I use a Bosch Blue unit which I find very good.
I found this video on youtube and this blokes gives yours a good rap!


----------



## RichT (Oct 14, 2016)

My old Porter Cable sander did that. It was from the early '80s, and was a bear to handle. I still have a couple of projects from those days with "donuts" in the finish. No one would notice them unless I pointed them out, but they're there.

Contrary to what might be intuitive, starting the sander on the surface of the wood helps prevent that swirly dance some of them do. Set it flat on the board, cup it in both hands down near the base and switch it on. You should be able to practice that and get good results. There's something about certain sanders that makes them want to swirl around when they touch down. I have no idea why. Some gyroscopic effect maybe.

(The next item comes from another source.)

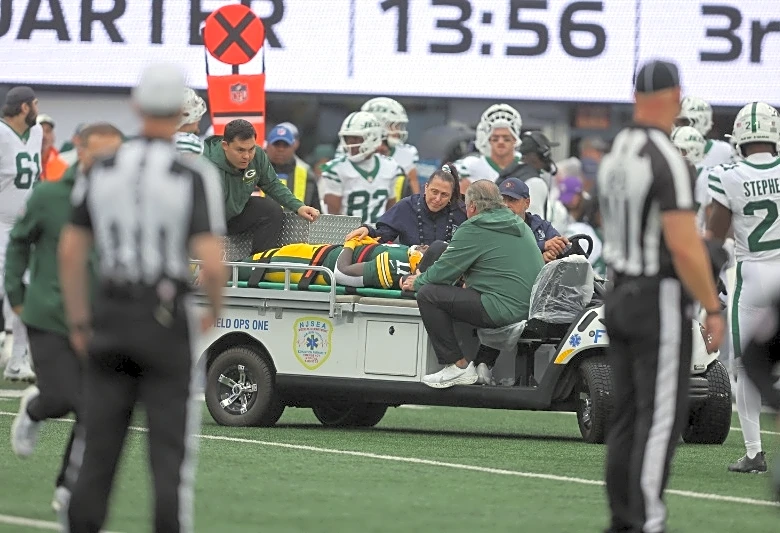 Packers WR Jayden Reed (neck) in hospital overnight but 'doing much better'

That said, in the 5-inch ROS family, I have Makita, DeWalt, Bosch and Porter Cable (not the original one mentioned above) and none of them exhibit that problem. The PC is probably the worst sander of the bunch, and the Bosch the best, but they are all useable.


----------



## dansnow (May 8, 2013)

Thanks for the info and the link to the review. The fellow in the video sure made it look easy, I didn't see either one jump once. It looks like I just need to use the thing and get used to it.


----------



## EarlS (Dec 21, 2011)

I have a Mirka Deros which has a variable speed function. At low speeds it wants to jump a bit on wood that isn't especially flat or when I try to move too fast with a coarse disk. It will also jump if I push down on the sander rather than let it sit on the wood. I typically hold it at the lowest part of the motor housing, just above the ROS section. Generally, I only use the lower speeds with the really fine discs (320+). Let the ROS do the work, don't force it.


----------



## ralbuck (Mar 12, 2012)

I have a Bosch with no issues; unless I press hard with a very rough paper on it. Otherwise it glides nicely with one hand. I also have a DeWalt-not quite as smooth; but, still very manageable with one hand. 
I am also a small not overly strong guy.


----------



## cabmaker (Sep 16, 2010)

sounds like you need to replace the pad with a soft one


----------